Una de las hazañas más altas de la que una hinchada podía
ufanarse ante la barra rival era la de haberle robado la bandera. “¡Le
afanamo’ la bandeeeeera, que la vengan a buscar!” -cantaban en un delirio de
pasión, ostentando, entre todos los “trapos” propios, algunos del color contrario.
Bandera de los invasores ingleses capturada en la Reconquista (12 de agosto de 1806). Iglesia de Santo Domingo, Buenos Ayres. |
La bandera robada
-Escuche entonces, m' hijo, lo que pasó una vez entre los dos
equipos de Villa Nosei, en el profundo conurbano porteño.
Dos veces al año, Villa Nosei se revolucionaba con
ocasión del clásico vernáculo. Deportivo Nosei, viejo club del barrio cercano a
la estación que los inmigrantes “gallegos” habían fundado en los albores del
siglo XX, se enfrentaba al Club Fonavi, cuya cancha quedaba en medio del barrio
de “monoblocks” allende las vías. Los del “Depo” tenían en su camiseta los
colores de España; la casaca de Fonavi, en cambio, era verdirroja, dizque en
honor a San Jorge, patrono de la capilla del barrio. Con los años, y a medida
que se fueron integrando los habitantes de uno y otro sector de Villa Nosei, la
conciencia del origen de ambos clubes fuese desdibujando, de modo que se podía
decir que la mitad de los noseienses era simpatizante del Depo y la otra mitad
del Fonavi, fueran o no de los “monoblocks”. Huelga aclarar que antes que nada
todos eran de Boca o de River…
Un día, después de una noche de sudestada furiosa, las
puertas de la sede social de Deportivo Nosei amanecieron violadas. Sin embargo,
las vitrinas de vidrios biselados con los viejos trofeos estaban intactas. Las
arcas -perennemente exiguas- del clubcito, indemnes. No faltaba nada. Sólo
supieron lo que había pasado meses después, a pocos días del consabido clásico.
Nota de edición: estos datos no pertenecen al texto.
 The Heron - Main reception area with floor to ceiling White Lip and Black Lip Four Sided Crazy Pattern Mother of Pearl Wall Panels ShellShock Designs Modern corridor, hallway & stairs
Al ingresar al cuartito del fondo de la cancha los muchachones de la barra
descubrieron que les habían robado todas las banderas del club. No habían
dejado ni una. Y para colmo, en las paredes y suelo de la mentada piecita
habían tenido el malgusto de pintar frases soeces con alguna viscosa pintura
marrón... La ofensa estaba consumada. No había tiempo de mandarlas a hacer
nuevas antes del encuentro.
Ese domingo fue memorable para unos y otros. El partido
se jugaba, para peor, en el modesto estadio del “Depo” Nosei. Los “fonaveros”
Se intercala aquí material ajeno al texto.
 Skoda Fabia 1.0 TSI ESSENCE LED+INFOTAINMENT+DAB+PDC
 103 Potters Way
esperaron el momento justo para desplegar las banderas ajenas y provocaron una
explosión de euforia en las tribunas. En los “trapos” más grandes habían
escrito ingeniosas afrentas, las más de ellas irreproducibles. Para la fausta ocasión
habían creado decenas de canciones alusivas al robo más feliz de la historia
del barrio. La única repetible que recuerdo, compuesta con la música de “Mi
hermanito toca el piano...”, decía algo así:
¿Por qué, amigo “depo”-tudo,
vas a la comisaría?
-Para que a nuestras banderas
las cuide la Policía.
Fue tal la fiesta de ese
domingo que los “fonaveros” ni se fijaron en el resultado del partido, que fue
goleada cuatro a cero del Deportivo Nosei. El botín era demasiado grande para
que su usufructo se agotara el día del clásico. De modo que el domingo
siguiente, y el subsiguiente, y el otro, de local o visitante, fuera quien
fuese el contrincante, la barra del club monobloquero comenzó a llevar
religiosamente sus trofeos de guerra.
Era tan contundente el efecto que producía en los
estadios el ensayado ritual de desplegar los hispánicos colores del archirrival
en las tribunas de “Fonavi” que los propios hinchas no sólo se fueron
acostumbrando a desplegar toda esa cantidad de insignias malhabidas, sino que
insensiblemente empezaron a amar esos colores. Los pibes más chicos creían que
esas banderas también eran de su cuadro. Como si existiera también en el mundo
de las banderas algo así como una “camiseta suplente”.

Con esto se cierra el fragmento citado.